Concerto pour la main gauche en ré majeur

Ravel began work on the Concerto for the left hand (in D) in 1929, after receiving a commission from the pianist Paul Wittgenstein, who had lost his right arm in the Great War. (Britten, Prokofiev and Richard Strauss also wrote works for Wittgenstein [1887-1961], who was the brother of Ludwig Wittgenstein.) Ravel had already begun work on his (2-handed) Concerto en sol, but interrupted that to execute this commission, which was in the event finished in 1930 after nine months intensive work. The first performance was given in Vienna on 5 January 1932, by Wittgenstein and the Vienna Symphony Orchestra, conducted by Robert Heger (but in the absence of the composer: it was just 9 days before the première of his Concerto en sol in Paris). (The Catalogue Durand, followed by other sources, e.g. Long [1971], gives the date of the first performance as 27 November 1931.)

The Concerto is in a single movement lasting a little over 15 minutes, during which it encompasses a remarkable variety of musical ideas and contrasts of style. (On one of his manuscript versions, Ravel wrote "mixtatiae musae", presumably a classically erroneous reference to the mixture of sources of inspiration he had used.) The mood of this concerto is powerfully dramatic - at least at the beginning and end - and the orchestration is significantly heavier that that of the Concerto en sol. The pianist's single hand often has to work hard enough for two.

In an interview with Calvocoressi in 1931, Ravel described the differences in this concerto compared with the Concerto en sol: "Il contient bon nombre d' effets de jazz, et l'écriture n'en est pas aussi légère. Dans une œuvre de cette nature, il est indispensable que la texture ne donne pas l'impression d'être plus mince qu celle d'une partie écrite pour les deux mains. Pour la même raison, j'ai recouru à un style qui est bien plus proche de celui des concertos traditionnels plus solennels. L'une des caractéristiques de l'œuvre est qu'après la première partie écrite dans ce style traditionnel, il se produit un changement soudain et la musique de jazz commence. Par la suite, seulement, il apparaît à l'évidence que cette musique de jazz est en fait bâtie sur le même thème que la partie initiale". (Quoted in Orenstein, [1989] p.364).

Ravel was not pleased with Wittgenstein's performance of the work when he heard it in Vienna later in 1932, and took particular exception to some "arrangements" which the pianist had made to the music. After the performance, he said to Wittgenstein: "Mais ce n'est pas cela du tout"; to which W. responded: "Je suis un vieux pianiste et cela ne sonne!". R.: "Je suis un vieil orchestrateur et cela sonne!" Ravel's anger led him oppose Wittgenstein's performance of the concerto in Paris, provoking a further written exchange between them. W.: "Les interprètes ne doivent pas être des esclaves". R.: "Les interprètes sont des esclaves!" (Long, [1971]).

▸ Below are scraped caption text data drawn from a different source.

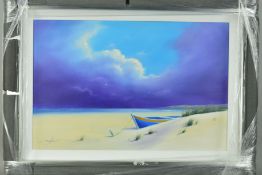 BEN PAYNE 'SUMMER HIDE AWAY I', a boat on a deserted beach, signed bottom left and verso, acrylic on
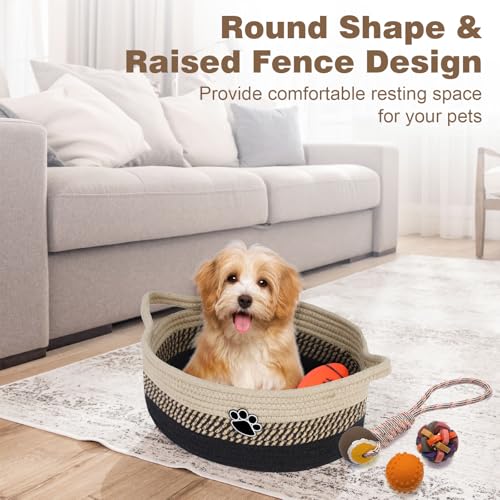 Image of Optish Dog Toy Basket, Toy Box and Bin for Dog Cat Storage, 13.5 inch X 11 inch X 5 inch Small Woven Rope Basket for Baby Storage, Closet, Living Room, Brown & Black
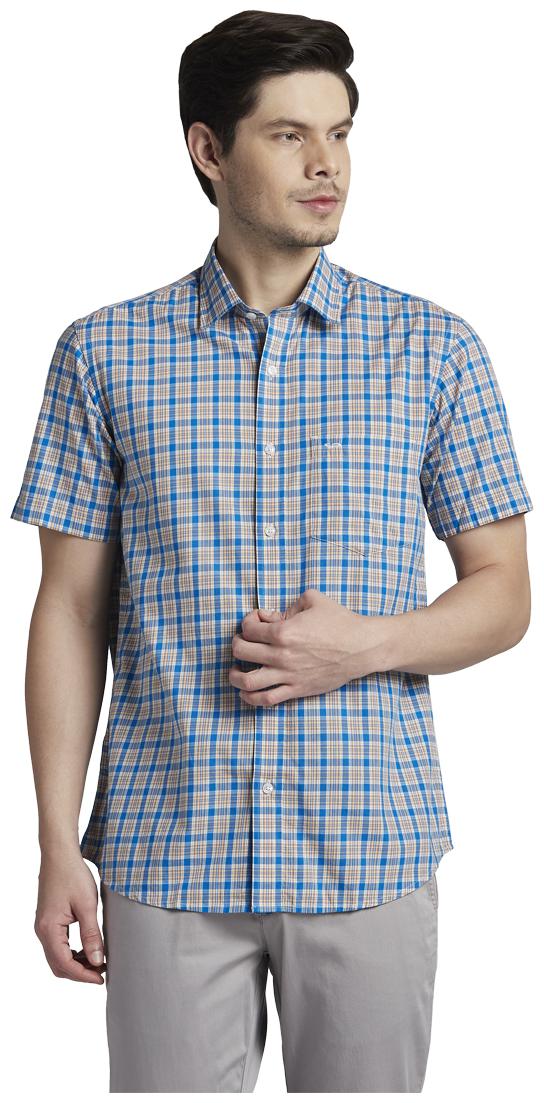 

ColorPlus Men Blue Checked Regular Fit Casual Shirt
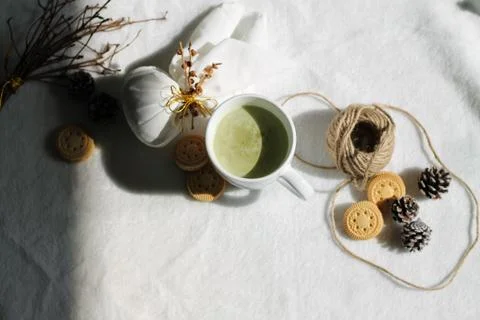 Winter season themed flat layout  Fotos Stock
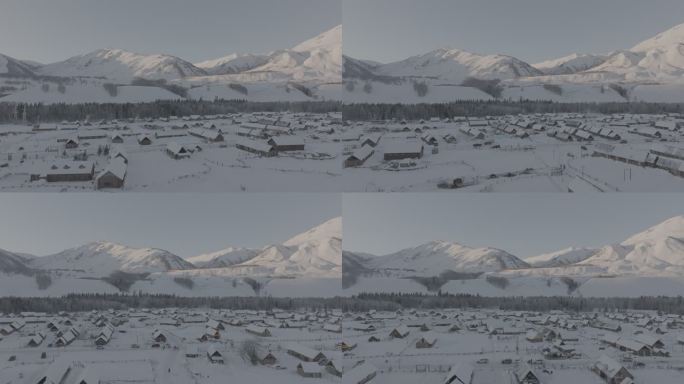 禾木乡的雪景素材（4K）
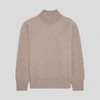 Asket The Mock Neck Sweater Brown Melange In Brown Melange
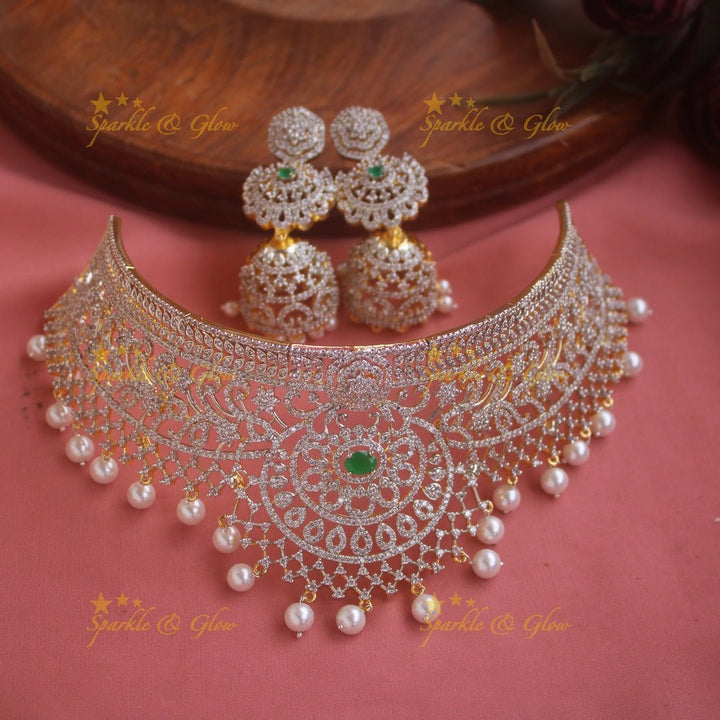Sparkling Floral and branch design American diamond choker with emerald stones and pearl drops - green - Sparkle and Glow - Pink - Back Thread
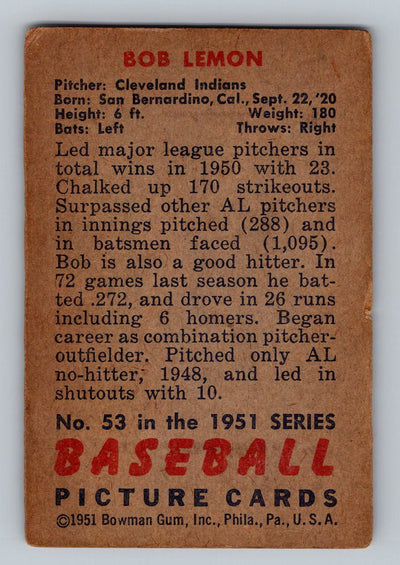 1951 Bowman #53 Bob Lemon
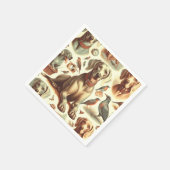 ヴィンテージWeimaranerシームレス スタンダードカクテルナプキン (角)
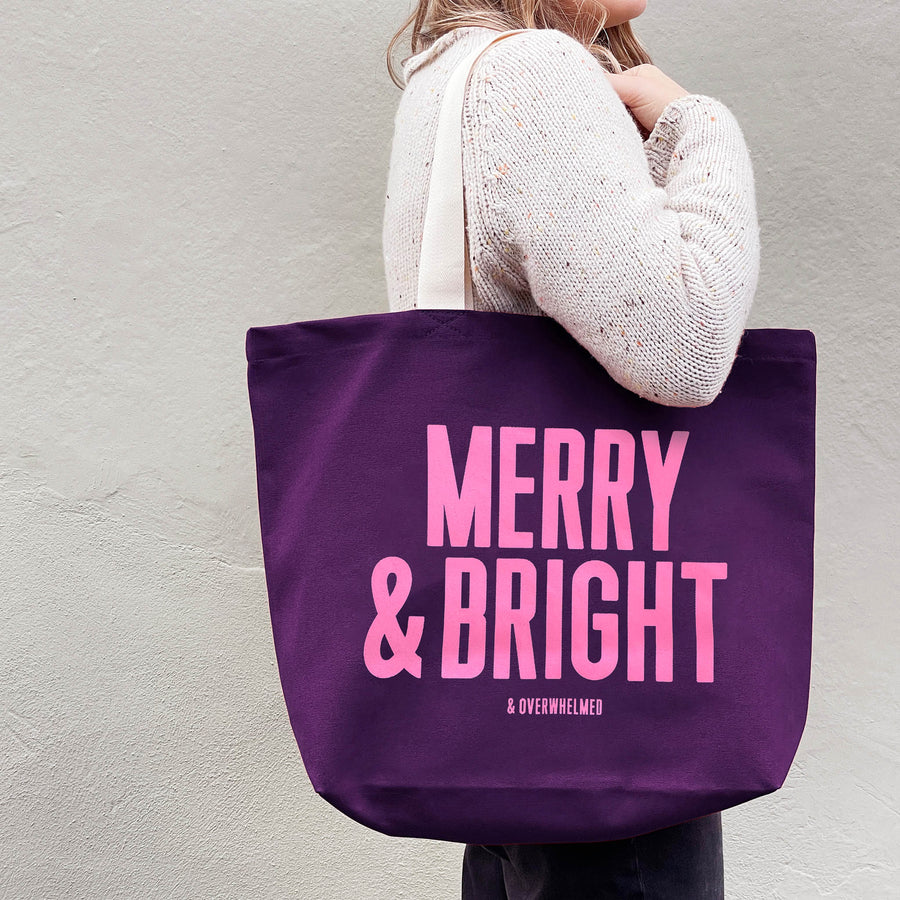 Merry & Bright (& Overwhelmed) - Plum Tote Bag
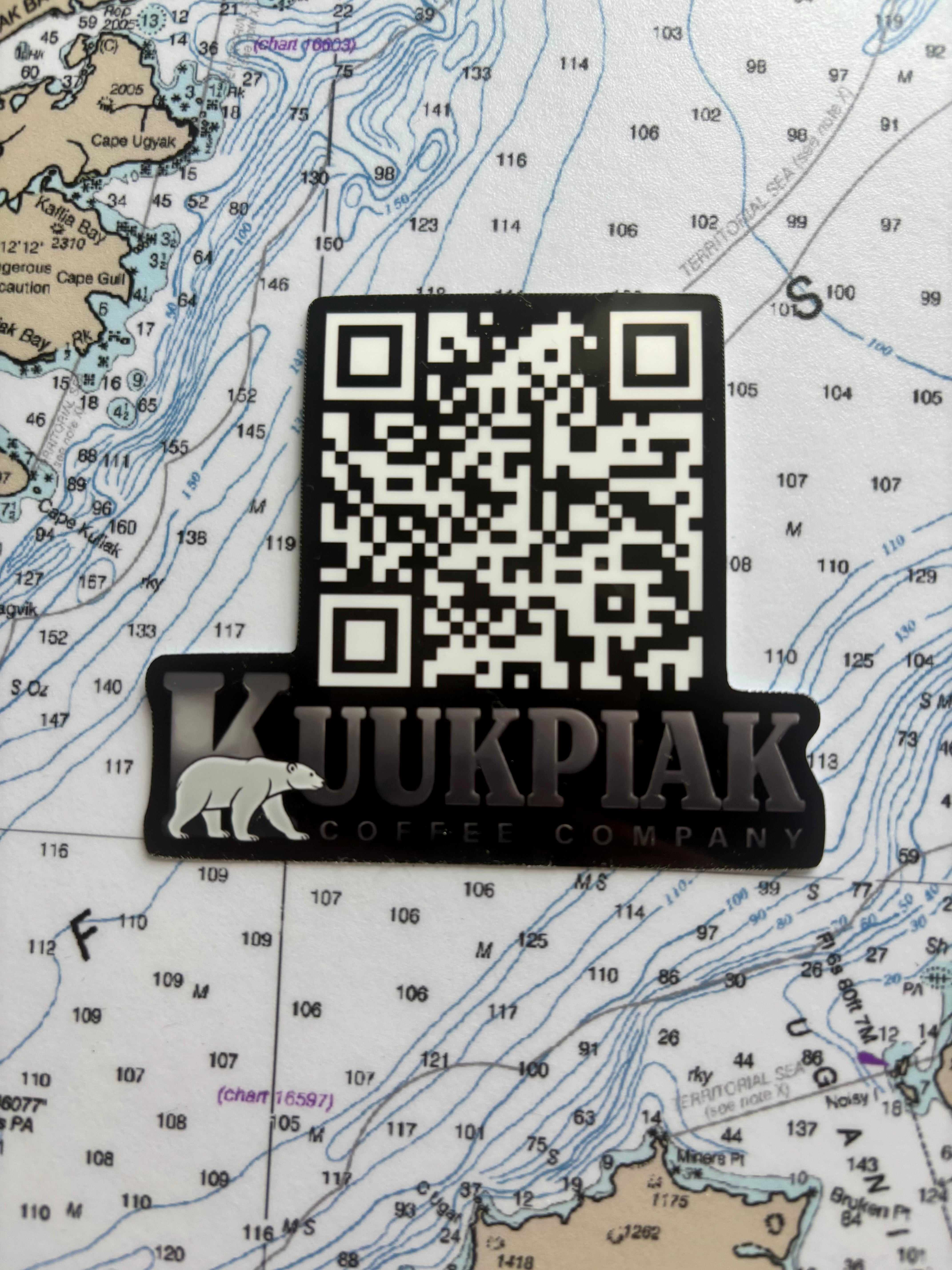 3-inch Kuukpiak Coffee Company QR code sticker with polar bear logo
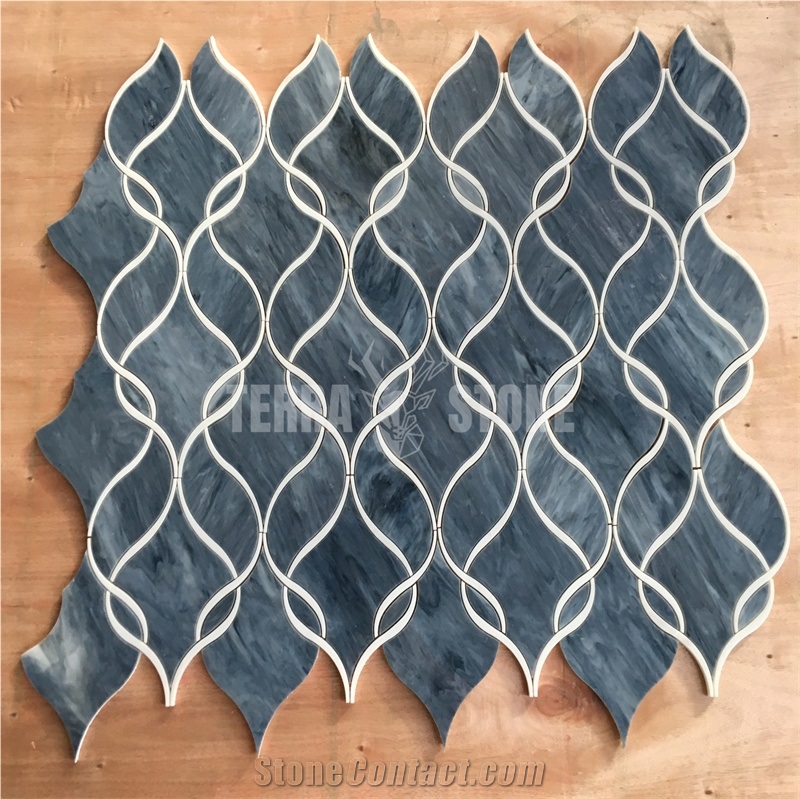 Marble And Blue Glass Waterjet Ribbon Pattern Mosaic Tile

In a letter of 7 March 1932, Ravel sought an assurance that Wittgenstein would respect the score, asking for "un engagement formel de jouer désormais son œuvre rigoureusement telle qu'elle est écrite" (quoted in Orenstein, [1989] p.466). Wittgenstein bluntly refused (Orenstein, [1989] p.596), and declined to play in Paris under those conditions. However, by the following year an accommodation had been reached, and Ravel conducted Wittgenstein in a performance in Paris on 17 January 1933.

It was only in 1937 (19 March) that the first "authentic" performance was given in Paris, with Jacques Février conducted by Charles Munch.

Wittgenstein later described his reactions when Ravel had first played the concerto through to him at Le Belvédère: "He was not an outstanding pianist, and I wasn't overwhelmed by the composition. It always takes me a while to grow into a difficult work. I suppose Ravel was disappointed, and I was sorry, but I had never learned to pretend. Only much later, after I'd studied the concerto for months, did I become fascinated by it and realise what a great work it was". (Quoted by Dubbiosi, [1967], p.132).

Although Ravel did not acknowledge any specific programme for the concerto, its dramatic quality has lent itself to various extreme interpretations. Marcel Marnat describes it with expressions such as "le tourbillon militaire", "mise à mort", and "l'immolation" (Marnat, [1986] pp.655-656); and the pianist Margeurite Long wrote: "Tout ici est grandiose, monumental, à l'échelle des horizons flamboyants, des monstrueux holocaustes où se consument les corps et s'engloutit l'esprit, des vastes troupeaux humains grimaçants de souffrance et d'angoisse." (Long, [1971]). Some of these responses may be coloured by after-knowledge of the following decade. But Ravel himself would have been aware that his concerto was in some sense a legacy of a conflict which had cost his pianist an arm and in which he himself had fought on the opposite side.